Le métier de facteur, devenir facteur à la poste

Lettres ou pas lettres, telle est ma profession du métier de facture. Une fiche métier pour apprendre à devenir facteur à la poste. Étudiante, j’ai fait un job d’été. J’ai remplacé le facteur du village où habitaient mes parents. Je connaissais les gens et ça m’a vraiment plu. J’ai alors fait une formation de CAP facteur, avec un an de stage à Paris. J’ai eu mon CAP et j’ai été engagé à Paris. Mais comme c’était loin de chez moi, j’ai passé le concours dans le 95 et j’ai été reçue comme factrice.

Vous avez un contact direct avec les personnes ?

Oui, quand on les croise dans la rue, quand on leur apporte des recommandés ou quand il demande un renseignement. Je les aide parfois, quand ils ont besoin d’un carnet de timbres, quand ils veulent connaître des tarifs ou faire un changement d’adresse pour les vacances.

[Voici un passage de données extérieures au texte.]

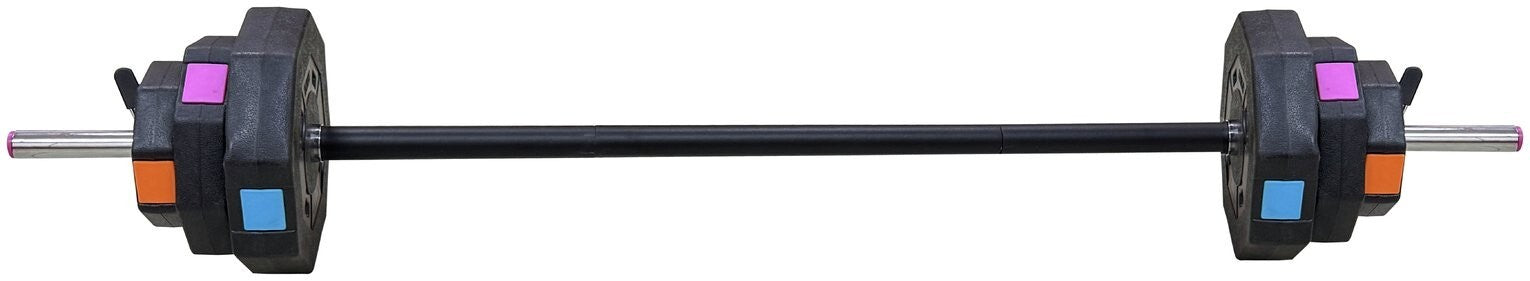 Opti Vinyl Barbell Set - 20kg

Je ne m’attendais pas à cet aspect du métier au départ. Je pensais qu’on livrait le courrier dans les boîtes aux lettres sans contacts avec les gens. En fait, c’est plus que ça. On s’implique même parfois dans la vie des gens.

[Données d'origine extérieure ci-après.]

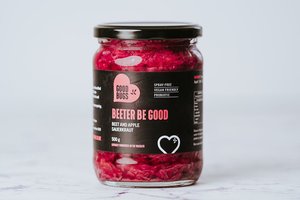 Sauerkraut 500g Beeter Be Good - Beet and Apple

Un bon postier, qu’est-ce que c’est ?

C’est quelqu’un de consciencieux : il doit vérifier qu’il met la bonne enveloppe dans la boîte aux lettres. Il est ponctuel, souriant. C’est surtout quelqu’un qui donne une bonne image de la Poste vis-à-vis des clients. Il sait s’exprimer et doit savoir conduire, avec le respect du code de la route.

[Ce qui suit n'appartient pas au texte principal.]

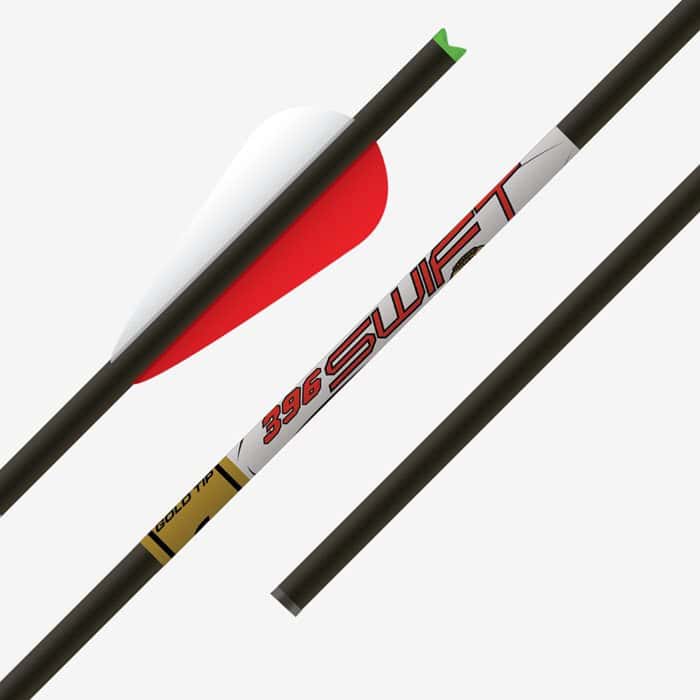 Gold Tip Crossbow Swift Bolt 20″ 6 Pack 4″ Duravanes SW20A46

Qu’est-ce qui vous plait le plus dans ce métier ?

A la Poste, il y a une vraie solidarité entre collègues. Quelqu’un en difficulté est toujours soutenu. C’est un lien fort entre les postiers. Et le contact avec les gens est important : on a affaire à des gens en difficulté, des gens qui ne parlent pas toujours très bien français, donc il faut qu’on leur explique, mais on a aussi des gens aisés. Passer d’un milieu à l’autre, c’est ce qui me plait. Et puis la poste est un lieu de rencontre : on y de discute, on y crée des liens. C’est important dans les campagnes, mais aussi en ville. Il y a des gens malades qui ne peuvent pas sortir de chez eux, et voir le facteur fait plaisir.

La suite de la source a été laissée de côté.